Year-end events will compete for star players
Too many tournaments, so few dates.
If we were talking the middle of summer, you could say it’s an old story. But as a true indication that the game is an attraction in all corners of the globe, we present the end of the year.
It used to signal time to rest.
It now is a green light to bolster the bank account and stamp the passport.
World-class players who truly love taking on the challenge of global golf now look at the November and December schedule and can’t believe the choices. And not only is the money good, but the fields are so deep you almost can’t afford the chance to pass up the world ranking points.
Soggy South African Open
Check out the conditions and players after the rain-delayed first round was completed on Friday at the South African Open.

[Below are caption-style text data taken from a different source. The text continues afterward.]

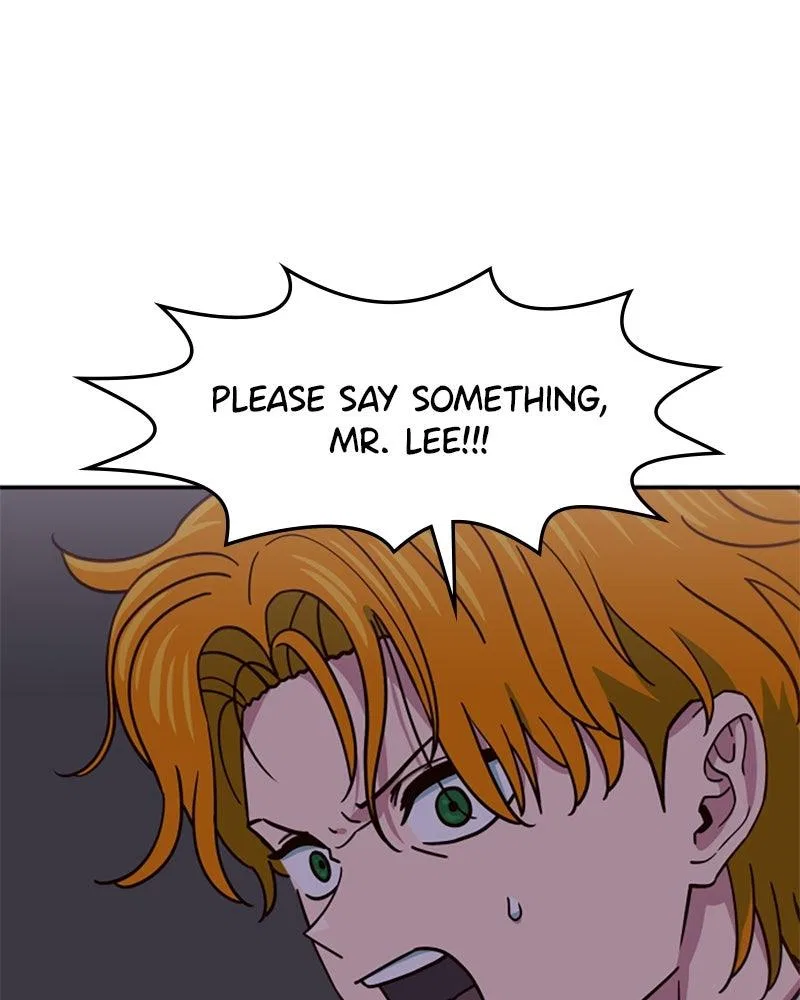 I’m the Only One Bullied by the New High School Student Chapter 95 – Page 56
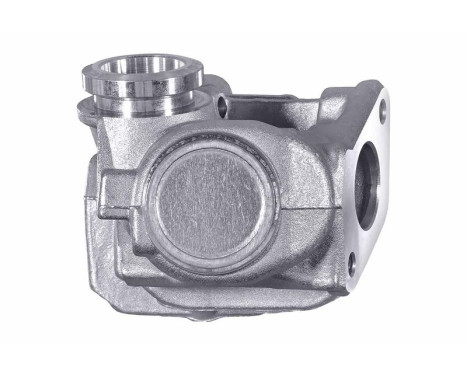 EGR valve 6NU 014 862-071 Hella, Image 2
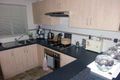 Property photo of 15/2 Bach Crescent Seaton SA 5023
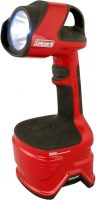 Led-Coleman CPX 6 Led-Coleman-CPX-6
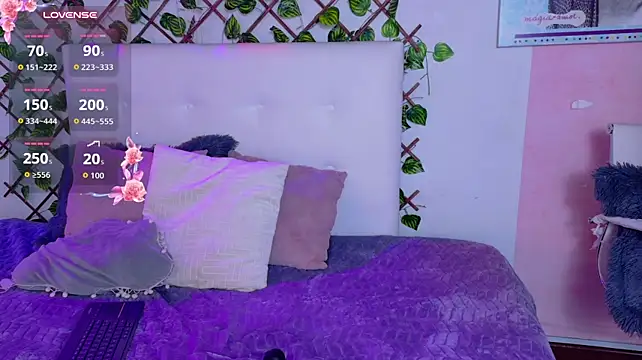 BarbieRivers_ - Ass spanking x 5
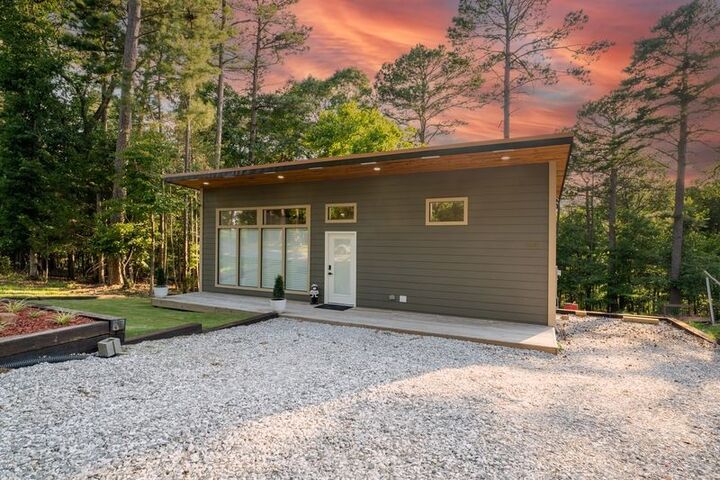 Property Photo:  16103 Hickory Drive  AR 72756 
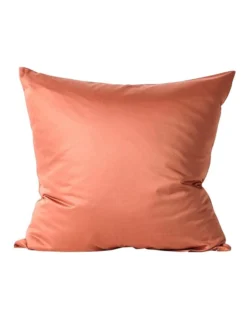 Halo Organic Sateen Bedlinen Collection Cedarwood -Furniture Series Store 925541920 6 720x928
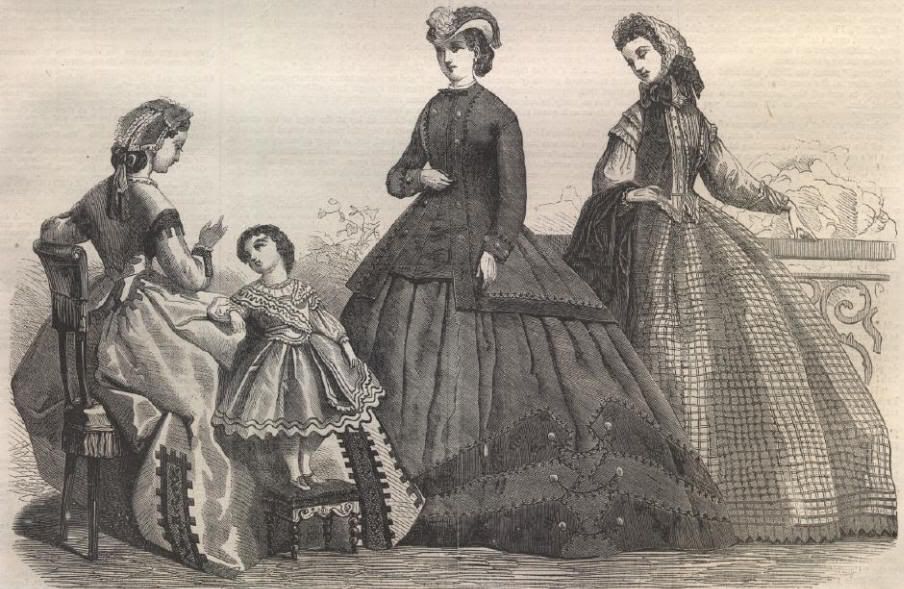 women-clothes-1800s.jpg civil war women image by rmlangley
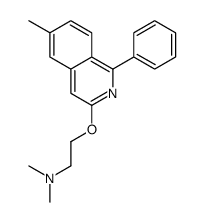 89707-26-6 structure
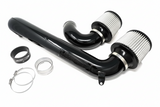 BMS G8x BMW M2 M3 M4 S58 Performance Intake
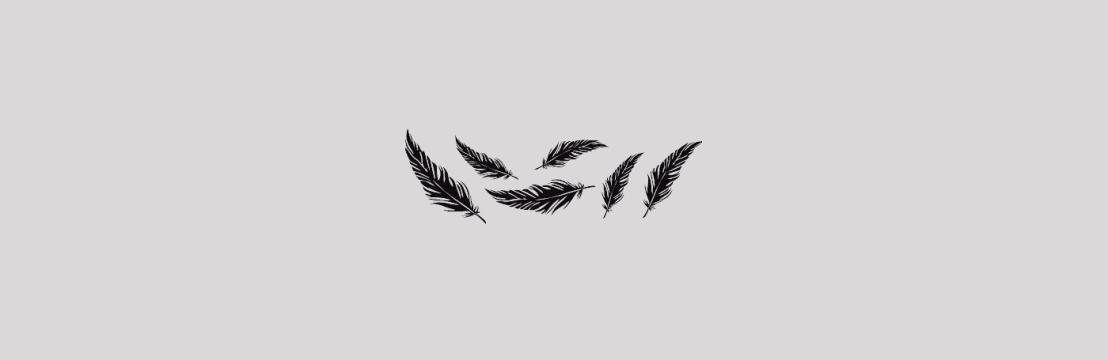 ɢᴏʟᴅᴇɴ ꜱᴇᴀʀᴄʜ • • •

All in all, a good thing, a very good thing. Or at least it was until a lot of hands started reaching for the pie. Next thing you know, well, what do they say about too much of a good thing?
Not only has it created chaos, it seems that ill will is blowing in the wind. Tournament officials on several continents think they have reason to be disappointed at the way 2011 will close out. Just a sampling of the conflicts:
• Convinced their serious financial backing of the Australian Masters would help land them the prime week (Nov. 10-13) before the Presidents Cup, IMG officials were not happy to not only lose out, but to then get a date (Dec. 1-4) that is miserable for their interests.
Why? Because the headliner for the last two Australian Masters, Tiger Woods, will be hosting his Chevron World Challenge at the other side of the world.
• It was widely praised that the Nov. 10-13 date was given to the Australian Open.
“It was the right thing to do,” Geoff Ogilvy said. “The Australian Open is our most-precious tournament.”
But even while Ogilvy said he hoped as many “as half” the International and U.S. team members would come play the Aussie Open one week before the Presidents Cup, a quick survey of possible players suggested otherwise.
There’s a good reason why: the Singapore Open. It’s a hugely popular tournament, one that Aussie Adam Scott won last year for the third time. Even Ogilvy concedes, “Adam rightfully should play Singapore and defend,” and it appears he is leaning that way.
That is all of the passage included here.